When tuning a Dataflow, many developers are looking for that “Silver Bullet” – a quick and easy solution. My experience is that there are few “Silver Bullets” in Data Services and redesigning a Dataflow usually provides the best results. Effective tuning requires a data set and hardware that actually mimics production. Tuning on a development server with 5% of the production data, 8 GB of RAM, one CPU and maybe two cores won’t show you how a Dataflow that uses Degrees of Parallelism greater than one will actually run on a production server with eight CPUs. Developers have to take into account not only the hardware the job server is running on but the hardware the database server is running on. Spawning multiple threads on single CPU database server won’t have the same effects as on a multi-CPU database server.

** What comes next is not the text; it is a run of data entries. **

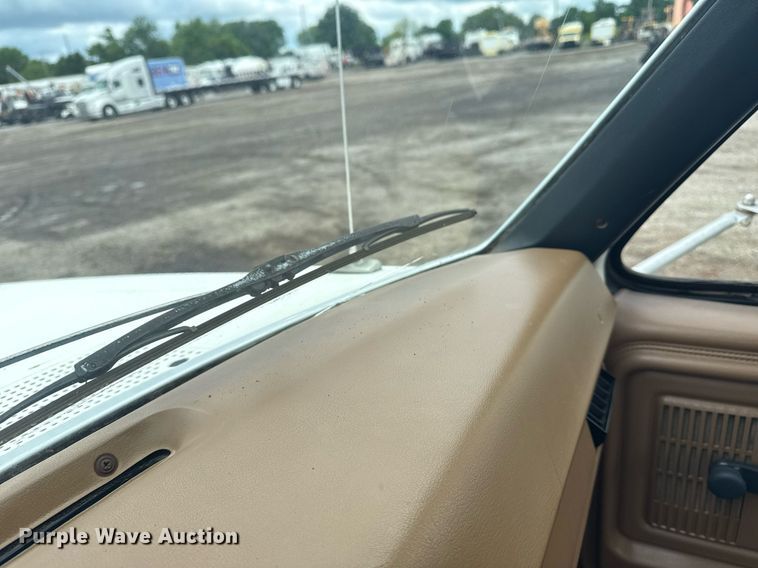 image for item EG5829 1993 Ford F700 dump flatbed truck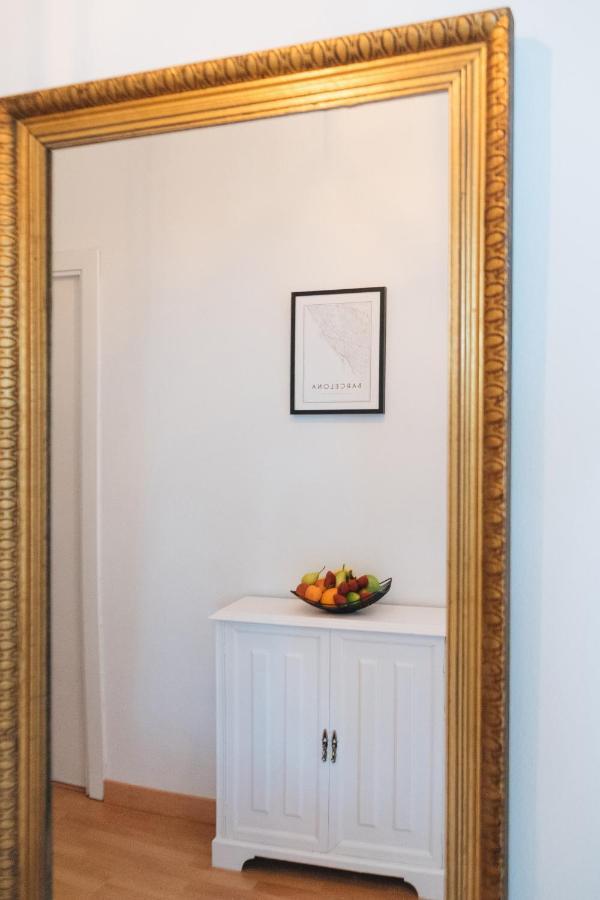 ברצלונה Sunny And Modern Apartment Ideal For Groups מראה חיצוני תמונה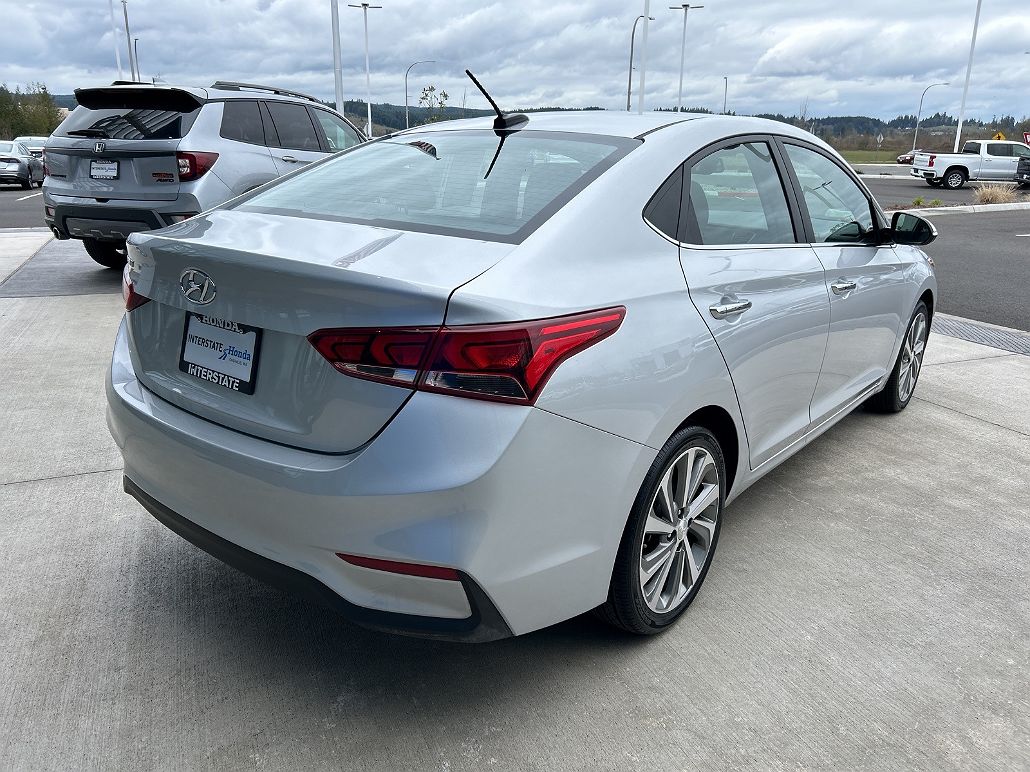 2021 Hyundai Accent Limited Edition image 4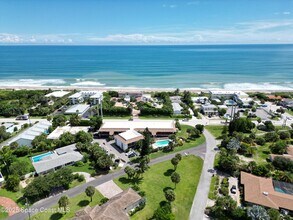 Building Photo - 1318 S Miramar Ave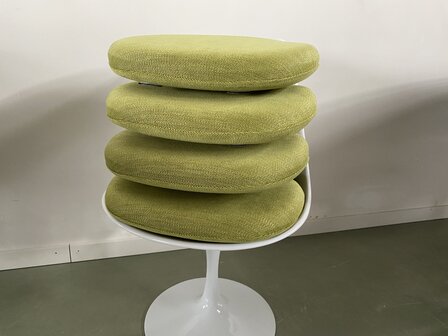 Kussen Saarinen Tulip stoel zonder armleuning van KNOLL - vintage groen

If we can’t benchmark on data and hardware similar to production then we’ll need to have a better understanding of what the Dataflow is really doing and when certain features are going to be effective.
Number of Loaders
The Number of Loaders feature creates buffers for the database operations. The default is one, meaning that you have a single buffer for the rows going to the target table. The Dataflow writes to these buffers in a round robin manner. If you set up 5 loaders and the commit row size is 1,000 then 5,000 rows will be buffered up. Once the buffer is full it is flushed to the database. Because of the round robin allocation, all five buffers are sent to the database at almost the same time.
The benefit of five buffers is that five processes are writing rows to the database instead of one. The downside is that five processes are writing rows to the database. If your database can’t handle that much activity then your overall processing time could increase instead.
The buffers are being written to the database in parallel, as long as the Rows per commit setting is high enough.
To test this I created a table that has an insert trigger on it that sets an UPDATED_DT (timestamp(9) data type) and UPDATED_BY column from a trigger using SYSTIMESTAMP and SYS_CONTEXT(‘USER_ENV’,’SID’), respectively. The Dataflow target table has Number of Loaders set to 5 and the Rows per commit set to 1,000. I then processed 30,000 rows through the Dataflow.
After loading the data I queried the table, sorting by UPDATED_DT DESC. The UPDATED_BY column value was mixed. See the screenshot below. The results tell me that each of the five buffers wrote rows to the database in parallel. If the five buffers were running in series then the UPDATED_BY values would be the same for each set of 1,000 rows in the result set.
Interestingly enough, I found that the Rows per commit setting affected how the buffers were written to the database. If the setting was only 100 rows then the buffers were written in series. The same setup used above was used to test the lower Rows per commit value.
Some tables are just slow to insert. This could be due to triggers, a large number of indexes or very wide rows. Using multiple parallel processes to perform the inserts may improve the overall execution time in these cases.
Number of Loaders will work for all three row operation types: insert, update and delete.
Certain table designs may not lend themselves to multiple loaders. Clustered indexes in Microsoft SQL Server and Index Organized Tables (IOT) in Oracle are one example. Within the table the rows are physically sorted in the order of the primary key. If the data is inserted out of order then the database has to bounce between pages/blocks and may perform a number of page/block splits to insert data. On the other hand, if the data is sorted in the Dataflow to match the primary key of the target table and a single loader is used then the database won’t have to do anything special with the data. It will be inserted in the same order it is received.
Certain index types could prevent you from using Number of Loaders greater than one. Oracle bitmap indexes can be very finicky about being updated by parallel processes. In a high transaction load environment I saw deadlocks on bitmap indexes when the Number of Loaders was more than one. Regular b-tree indexes worked fine.
The Number of Loaders feature is turned off if the Bulk Loader option is turned on. It also doesn’t work if the full operation of the Dataflow is pushed down to the database.
When the Number of Loaders is increased from the default of one remember that each additional buffer increases the amount of RAM used by the Dataflow. If a single loader uses a commit setting of 5,000 then consider reducing the Rows per commit setting by the Number of Loaders. If five loaders are used then consider changing the commit setting to 1,000. The Rows per commit setting can have a significant impact on performance. Be sure to test with both higher and lower values.
Number of Loaders is one of my “last resort” tuning features. Once I’ve done all I can to tune a Dataflow and it isn’t as fast as I need it to be I’ll begin testing different Number of Loader values. Because of the amount of test setup time required to run multiple tests this feature often isn’t worth the bang for the buck. There are many tuning areas that are more effective and I’ll try those first. It’s very rare that I’ll have to resort to setting Number of Loaders greater than one.
If I could redesign the Number of Loaders feature I would eliminate the round robin allocation. The Dataflow would fill buffer #1 and then flush the buffer to the database and then begin filling buffer #2. I suspect that the way it currently works, while the buffers are being flushed to the database the rest of the Dataflow is taking a nap. If buffers were filled one at a time then it might be possible to be writing to the database and keep processing incoming data at the same time. Only when all buffers are still flushing to the database would the Dataflow take a nap.